Data
##########

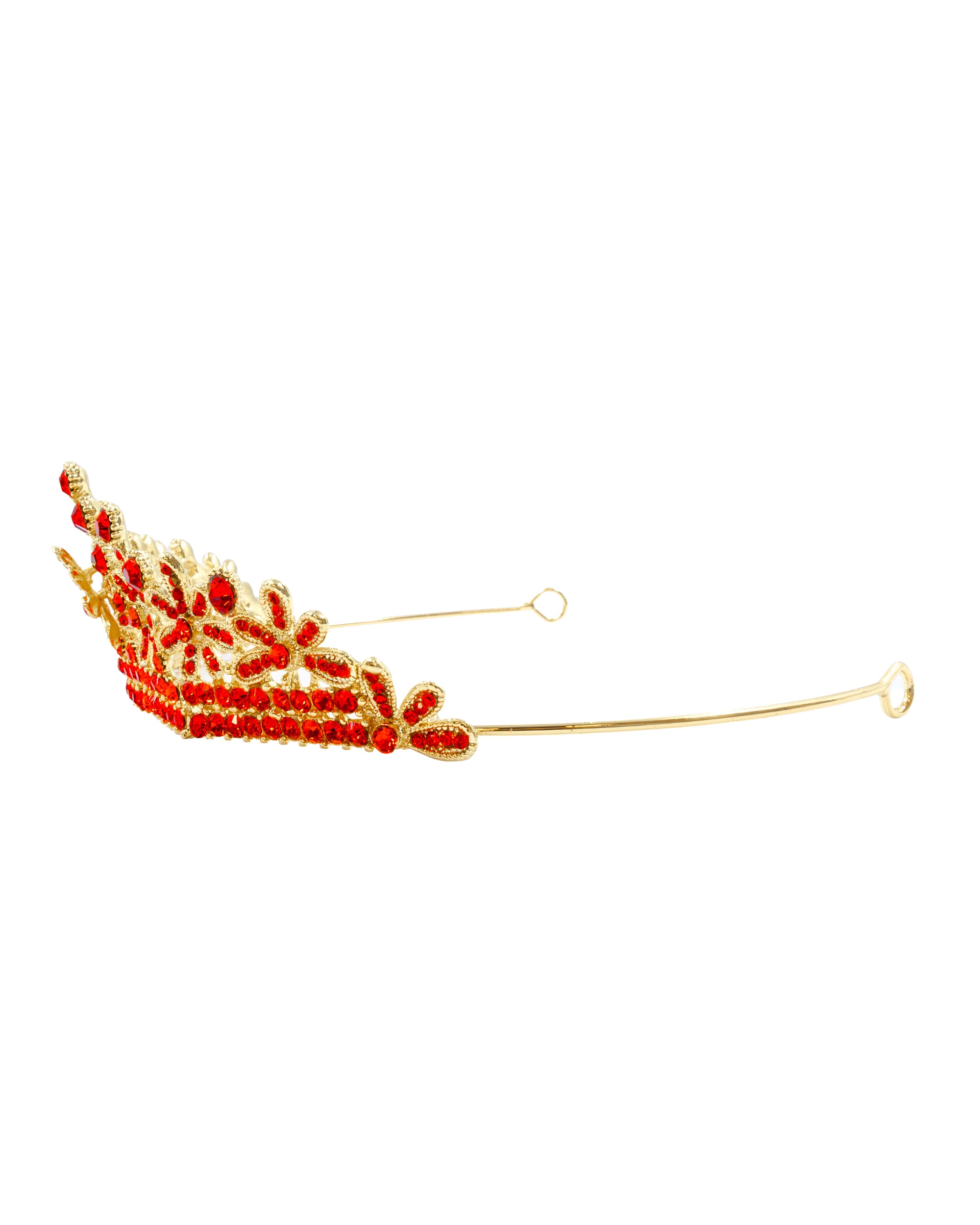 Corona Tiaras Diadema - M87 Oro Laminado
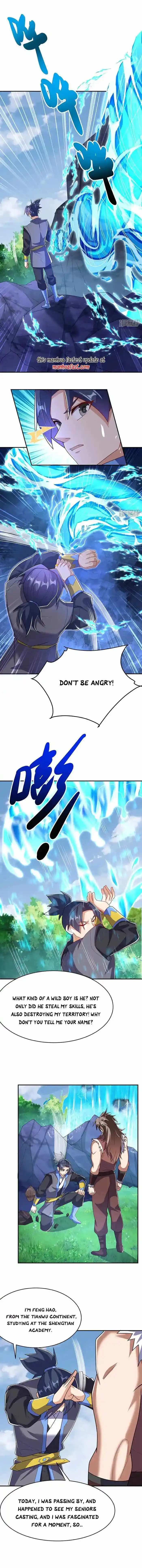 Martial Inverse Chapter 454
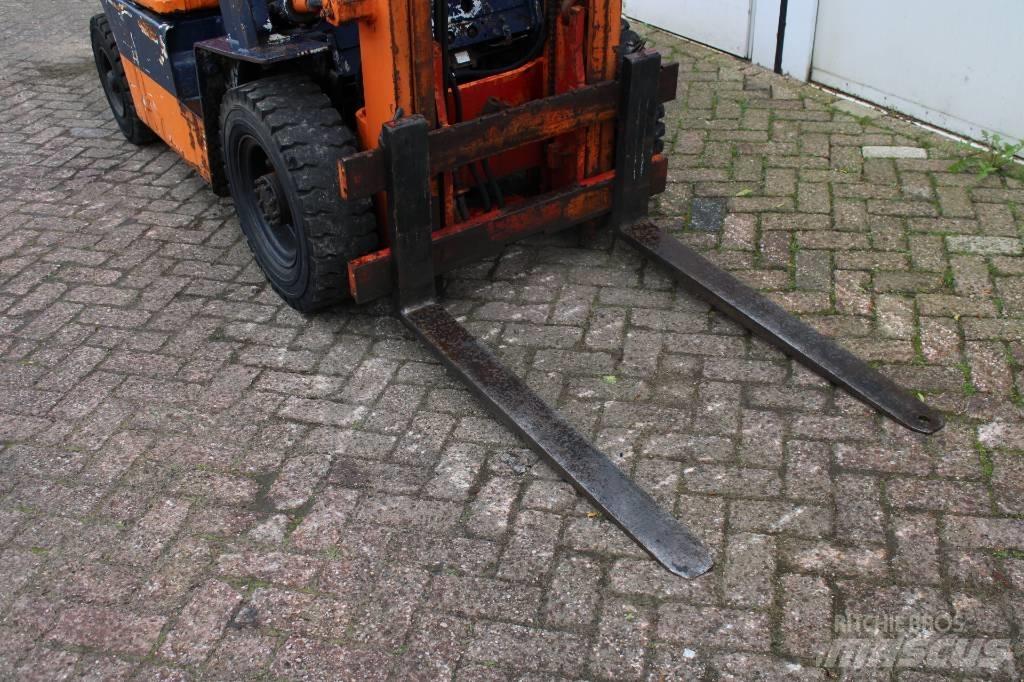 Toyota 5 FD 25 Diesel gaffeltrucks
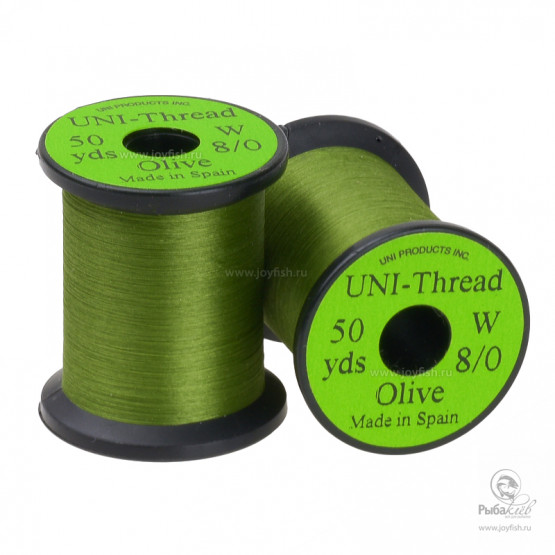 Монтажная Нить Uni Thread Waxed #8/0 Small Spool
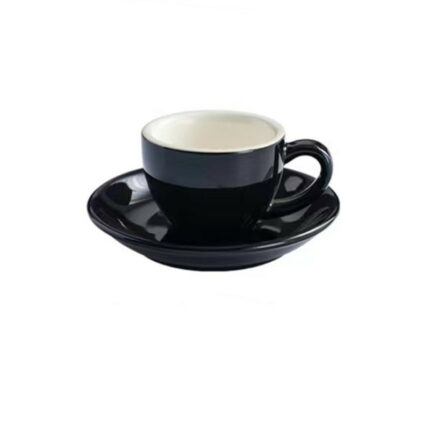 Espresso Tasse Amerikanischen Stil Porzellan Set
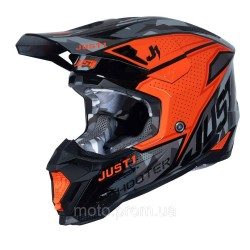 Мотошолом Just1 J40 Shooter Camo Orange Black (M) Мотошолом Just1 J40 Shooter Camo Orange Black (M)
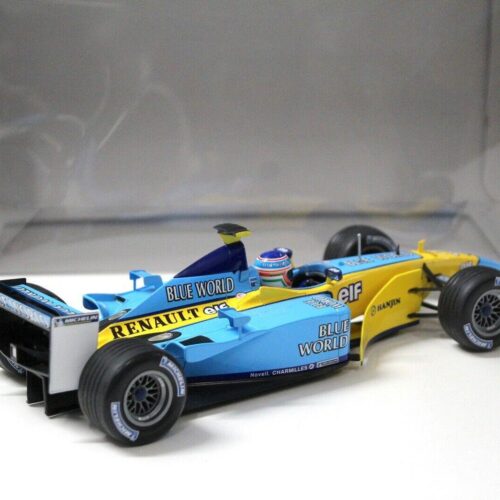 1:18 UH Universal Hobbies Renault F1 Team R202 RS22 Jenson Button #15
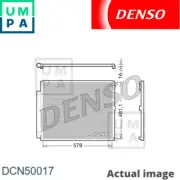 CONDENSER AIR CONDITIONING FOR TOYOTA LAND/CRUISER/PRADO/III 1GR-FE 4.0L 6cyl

##########

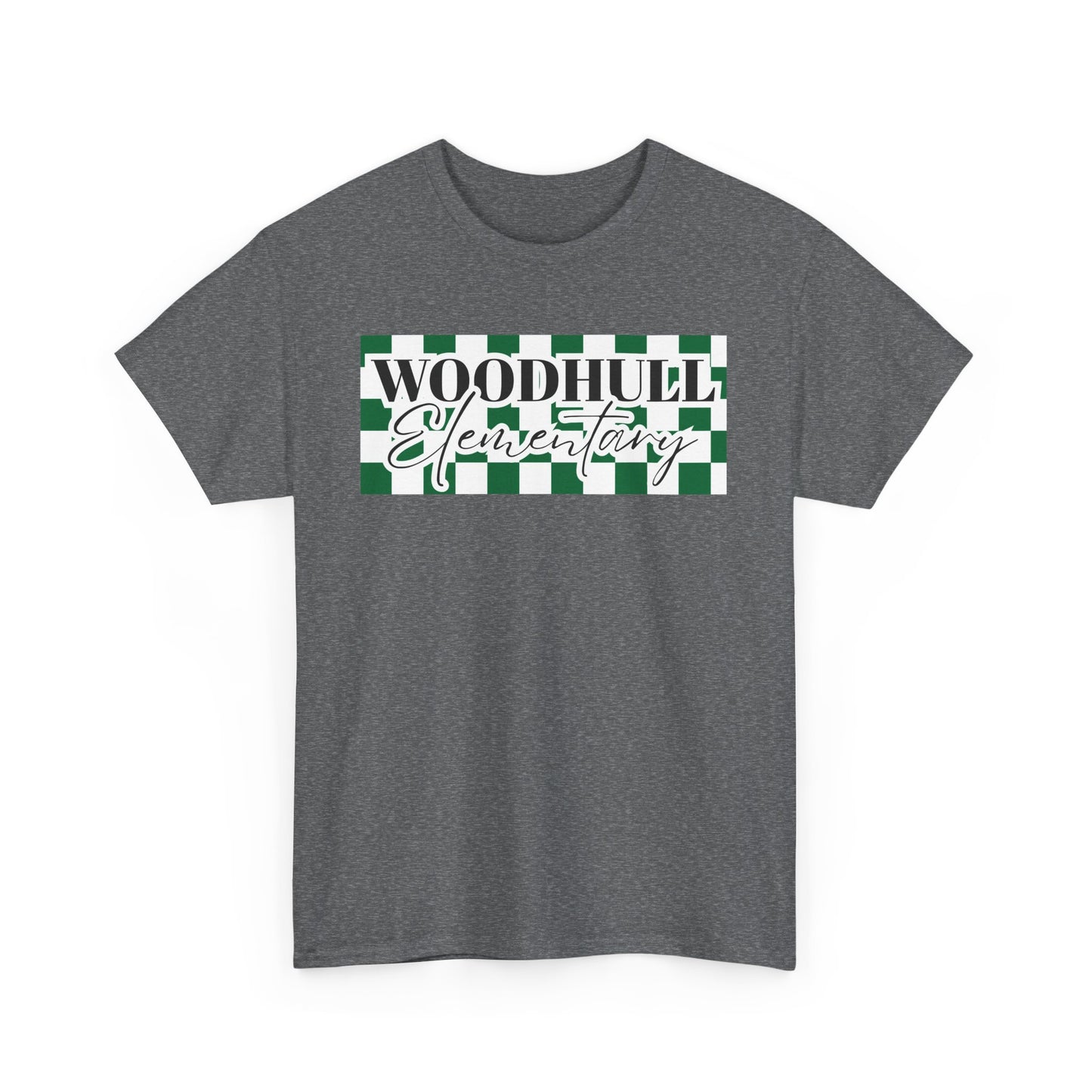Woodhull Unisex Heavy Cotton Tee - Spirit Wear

##########

Work order
Exact copy, no pictures. Write out the lines in the entries above, starting with the line with "Martial Inverse Chapter 454" and going on through the line with "1:18 UH Universal", keeping both.

Written solution
 Martial Inverse Chapter 454
 Toyota 5 FD 25 Diesel gaffeltrucks
 Монтажная Нить Uni Thread Waxed #8/0 Small Spool
 Espresso Tasse Amerikanischen Stil Porzellan Set
 Мотошолом Just1 J40 Shooter Camo Orange Black (M) Мотошолом Just1 J40 Shooter Camo Orange Black (M)
 1:18 UH Universal Hobbies Renault F1 Team R202 RS22 Jenson Button #15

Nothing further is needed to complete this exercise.